Espresso Cocoa Nib Meringues
This week our Flavors ingredient is coffee/espresso. I love espresso and drink a double latte every day. I had several ideas in mind, but most of them contained a lot of cream, butter, and other fattening things. I decided to make a cookie that really isn’t so bad for you – meringues.
I took a basic meringue recipe, added powdered espresso powder and cocoa nibs. The cocoa nibs taste almost like an interesting nut. If you don’t have cocoa nibs, you could use very finely chopped chocolate. (If you don’t chop it finely enough, you won’t be able to pipe it through a pastry tip.)
I really enjoyed these. There’s a nice hit of coffee flavor, and the chocolate on top sends them over the edge. They were very quick to make, and last about 3 days. And when I figured out the calories, they’re only about 14 calories each!!!
Espresso Cocoa Nib Meringues Makes about 80 meringues
4 large egg whites, room temperature
2/3 cup sugar
2 teaspoons espresso powder
1 teaspoon vanilla bean paste
2 ounces cocoa nibs
1-2 ounces semisweet chocolate
1. Preheat oven to 325 degrees F.
2. Beat the egg whites and sugar in a mixer with a whip attachment until soft peaks form. Add the espresso powder and vanilla bean paste and continue whipping just until stiff and glossy. Fold in the cocoa nibs.

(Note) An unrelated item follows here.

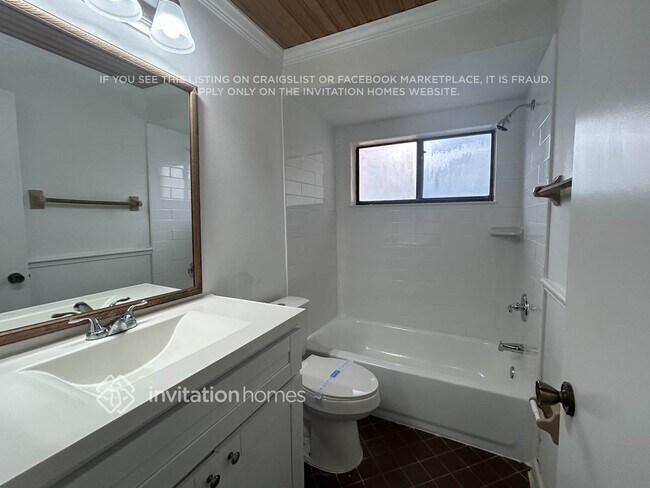 Building Photo - 2501 E Timberlane Dr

3. Fill a pastry bag fitted with a large plain or star tip with the meringue mixture. Pipe bite-sized “kisses” onto 2 cookie sheets that are lined with parchment paper or silpats.
4. Bake the meringues until they are light golden brown, about 30 minutes. Test for doneness by removing one from oven, cooling 1 minute, then tasting. You want it to be dry and crisp all the way through. Let cool on pans.
5. While cooling, melt 1-2 ounces of finely chopped semisweet chocolate. When melted, take a fork and drizzle chocolate over meringues. Let chocolate harden, about 1 hour.